The Happytime Murders, 2018.
Directed by Brian Henson.
Starring Melissa McCarthy, Bill Barretta, Elizabeth Banks, Maya Rudolph, Leslie David Baker, Joel McHale, Michael McDonald, Ben Falcone, Dorien Davies, Cynthy Wu, Mitch Silpa, Hemky Madera, Ryan Tran, Fortune Feimster, Brekkan Spens, Benjamin Cole Royer, Jimmy O. Yang, Ryan Gaul, Jim Palmer, Dennis Keiffer, Michael Croner, Brett Wagner, Colleen Smith, Kevin Clash, Drew Massey, Patty Guggenheim, Allan Trautman, Victor Yerrid, Ted Michaels, and Brian Henson.
SYNOPSIS:
When the puppet cast of an ’80s children’s TV show begin to get murdered one by one, a disgraced LAPD detective-turned-private eye puppet takes on the case.
To director Brian Henson’s credit, The Happytime Murders manages to make a puppet spraying silly string ejaculate head bangingly boring. A Basic Instinct homage showing a certain puppet’s purple pubic hair doesn’t so much shock, more give way to a sigh of absolute exasperation.
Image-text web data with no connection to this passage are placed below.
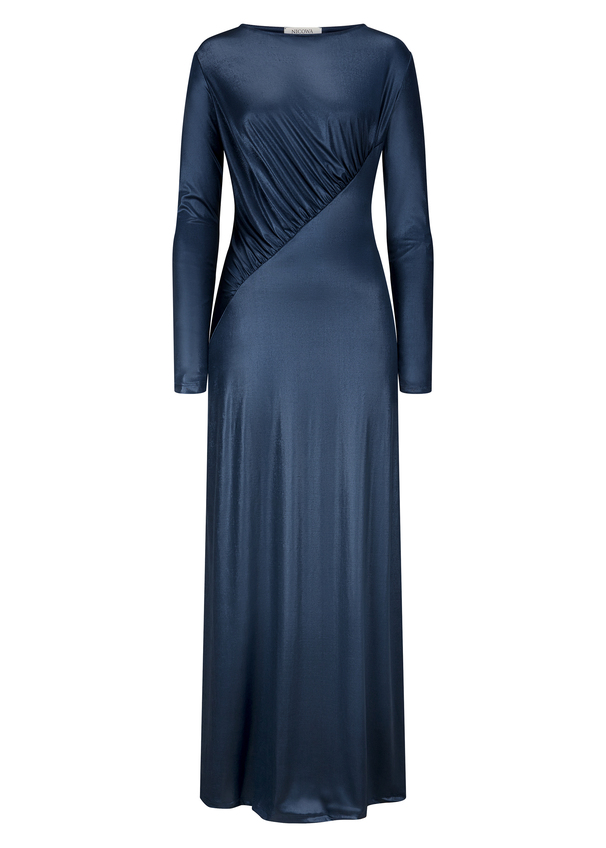 EWELIO, MIDNIGHT BLUE Frontansicht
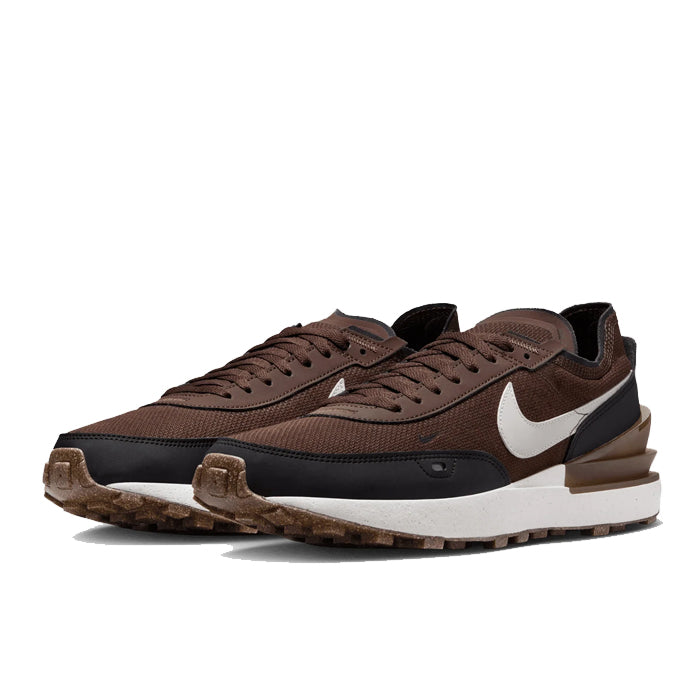NIKE WAFFLE ONE SE1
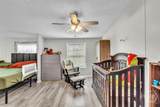 215 Worthington Drive - Photo 55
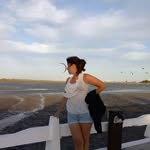 Elizabeth Piro - @piro.elizabeth - Instagram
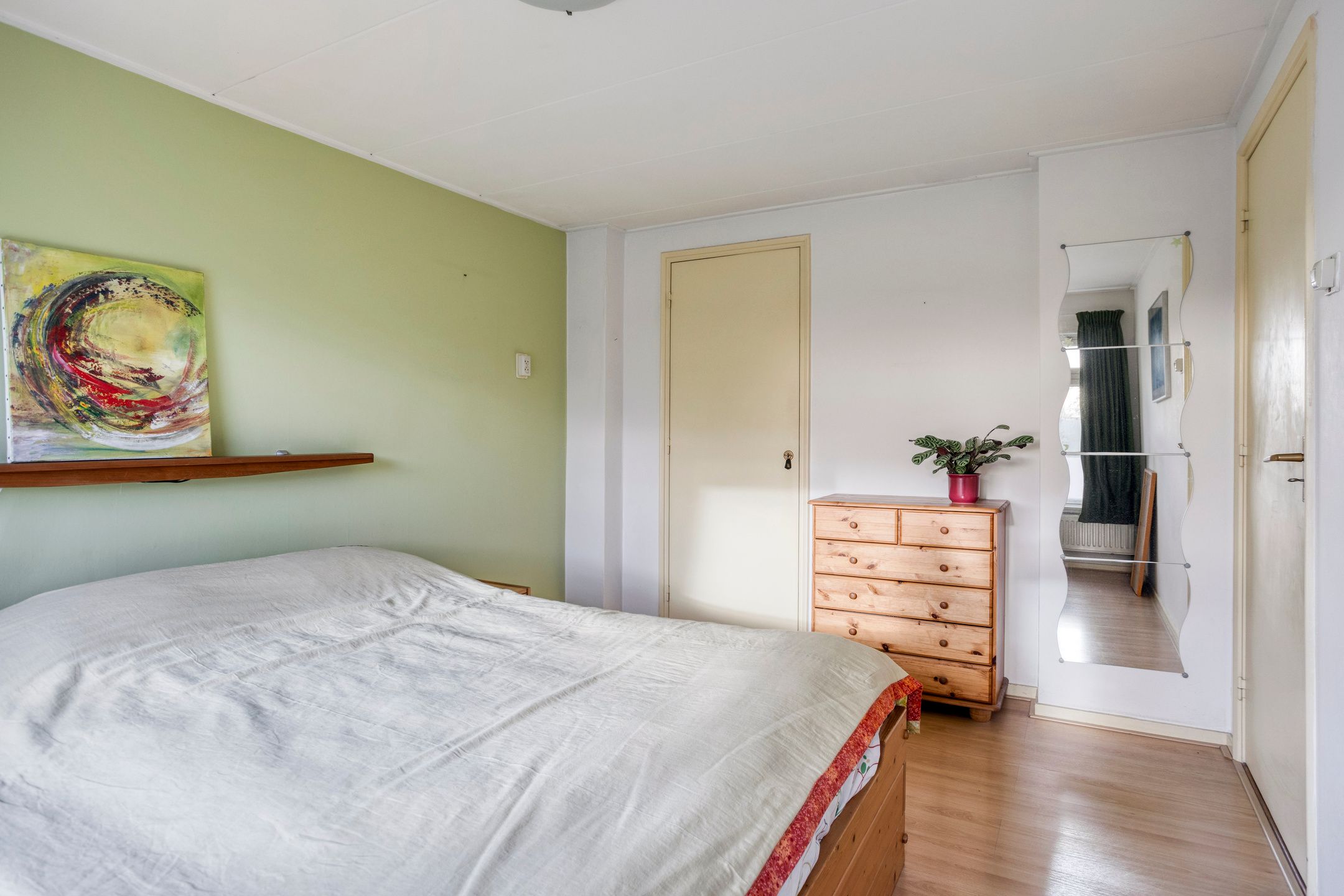 Foto 30 van Kerkhoef 5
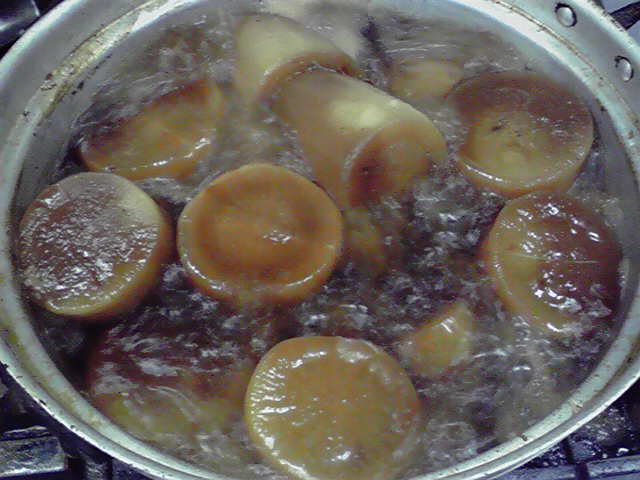 e0184723_20565666.jpg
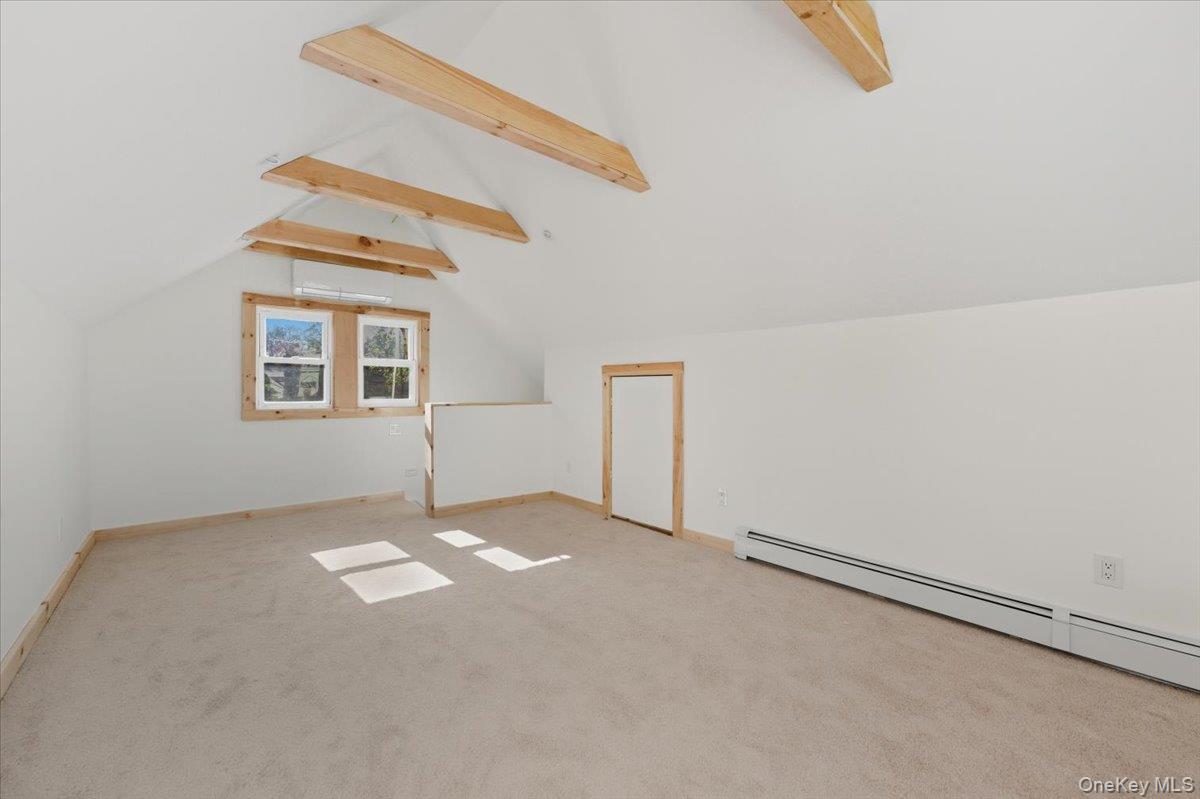 #9 photo, 132A Raymond Street, Rockville Centre , NY 11570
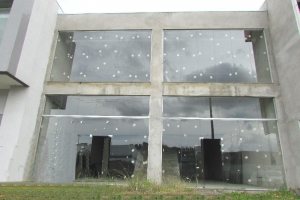 Loja com 210m², no bairro Interlagos em Caxias do Sul para Comprar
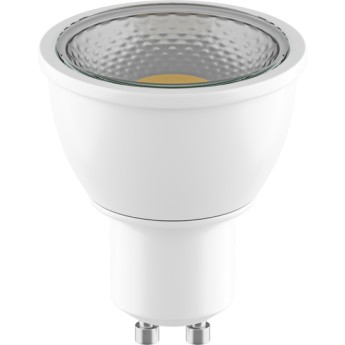Светодиодные лампы LIGHTSTAR LED 940282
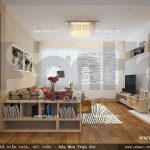 Nơi gia đình xum họp sh nod 0113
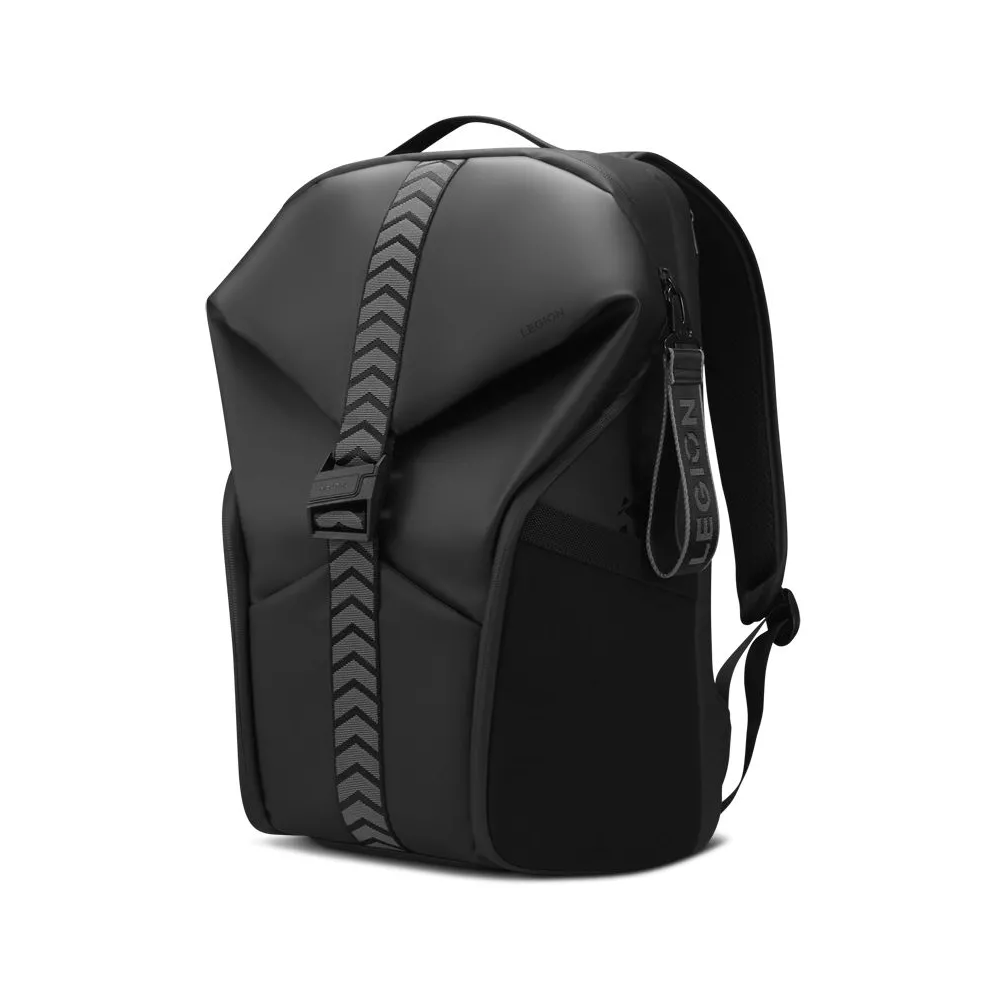 Lenovo legion 16 gaming backpack gb700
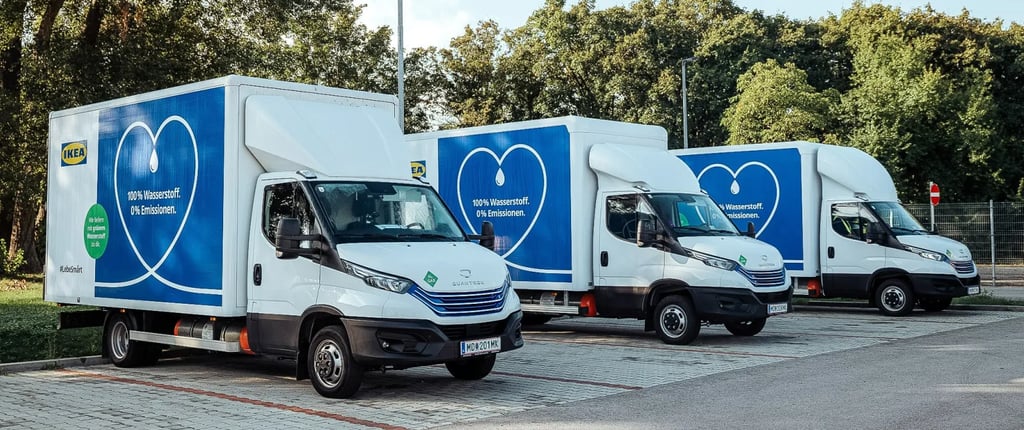 ikea-hydrogen-truck-user-interface-and-hmi-designed-by-koorosh-shojaei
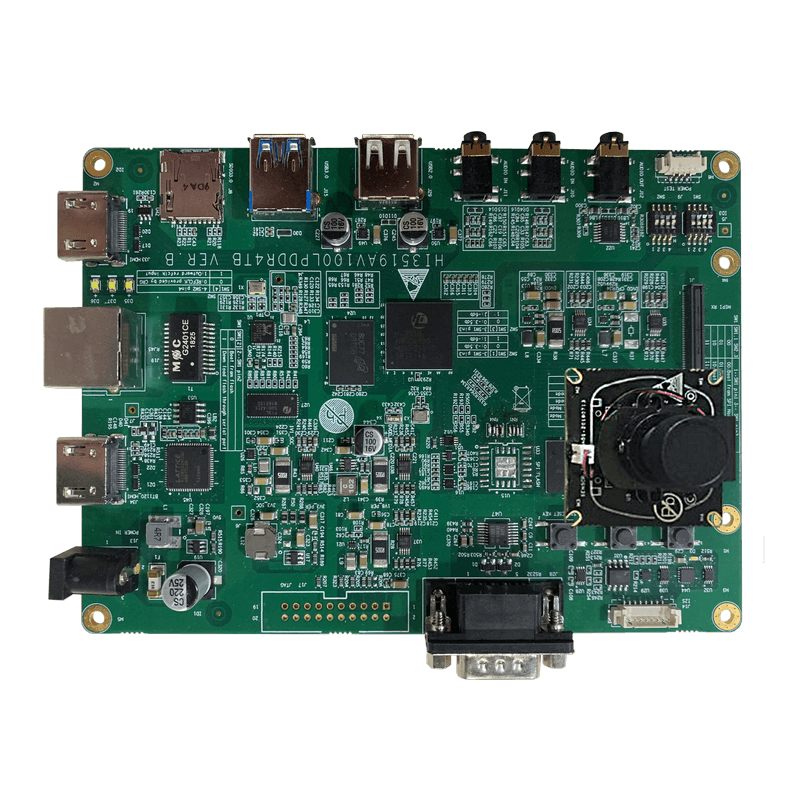 2025新老澳门原料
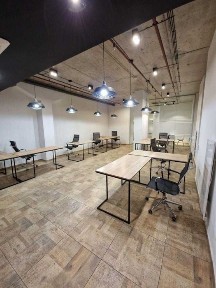 Київська область, Київ, Шевченківський
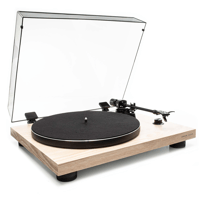 Argon Audio TT-3 variant 1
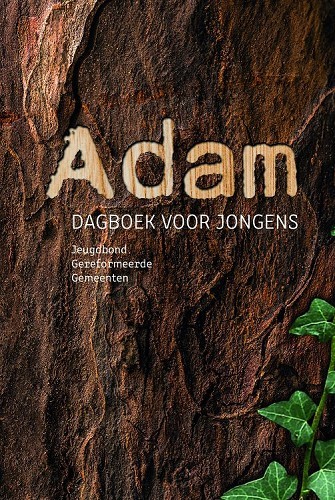 Adam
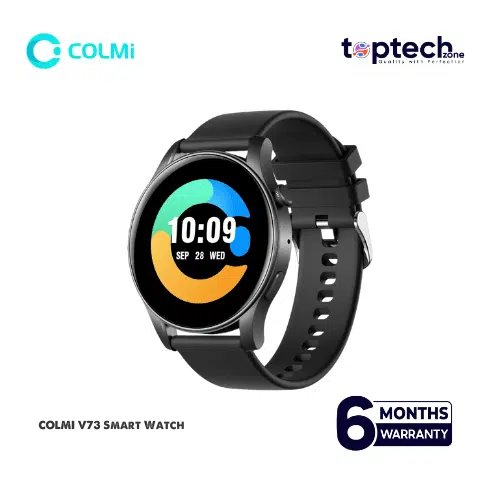 COLMI V73 Smart Watch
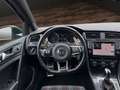 Volkswagen Golf GTI Performance ACC°LED°KAMERA°19"LM°NAVI Grigio - thumbnail 13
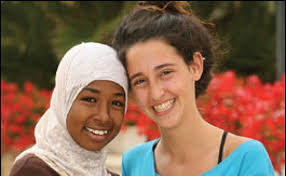 Sowing seeds of Mid-East peaceThe Sun (UK)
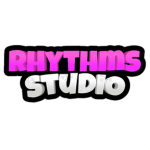 Rhythms.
It’s all so spectacularly lame. No part of the film works cohesively, as if a patchwork of poorly made felt and cheap stuffing has been forced into the rotting cavity of Henson’s bulbous ego.
At least that is the only possible justification for its creation. There’s enough material to maybe fill a 10-minute YouTube sketch by a creator your teenager admires, but their jokes of ejaculate and fecal explosions are only funny to them. It seemingly has the same budget too; the puppets all look flimsy, as if put together for a school talent show.
The plot, a by the numbers noir trying desperately to emulate Who Framed Roger Rabbit? finds puppet private investigator Phil Phillips (a gruff De Niro-lite Bill Barretta) joining forces with one-time partner Connie Edwards (Melissa McCarthy). Years earlier a botched case lead to the dismissal of Phillips and installed the Phillips Act, in which puppets and human cannot work hand in hand in the police force.
The murders of the Happytime Gang, a briefly successful puppet family TV show, forces the two to come together once more.
The murders themselves are sporadically funny and are the only real moments that play with the form. Slow motions shots of fluff and felt exploding raises a slight giggle, whilst a washed up corpse being ringed out at least has an ounce of self-awareness.
But these moments are so few and far between. Conversations between puppet to puppet look half-arsed, and poor Melissa McCarthy, who has to grapple with material unforgiving even for her.
Phil Phillips is the creation of someone who has maybe seen half a Bogart-noir and the first ten minutes of Chinatown whist Melissa McCarthy plays a Melissa McCarthy type written by someone who only watched a five minute compilation of her greatest hits.
Human characters at least offer moments of respite. Joel McHale plays it with just enough seriousness to raise a smirk, whilst Maya Rudolph is genuinely wonderful as Phillips’ lovelorn secretary.
At 80 minutes, it is at least a mild diversion. But then it’s frankly impressive just how truly dull it is. The pacing, like the tone, is wildly incoherent, running full paced at a brick wall over and over again. I truly don’t know how this was made. If it at least looked decent, maybe there would be an answer, but for a film trying to emulate noir classics, it has the aesthetics of rush jobs shot on your mum’s cheap digital camera.
The Happytime Murders is sincerely rubbish. Henson and co. have managed to create something with all the hallmarks of a Friedberg and Seltzer mid-noughties bargain bin comedy. Stay for Maya Rudolph and nothing more.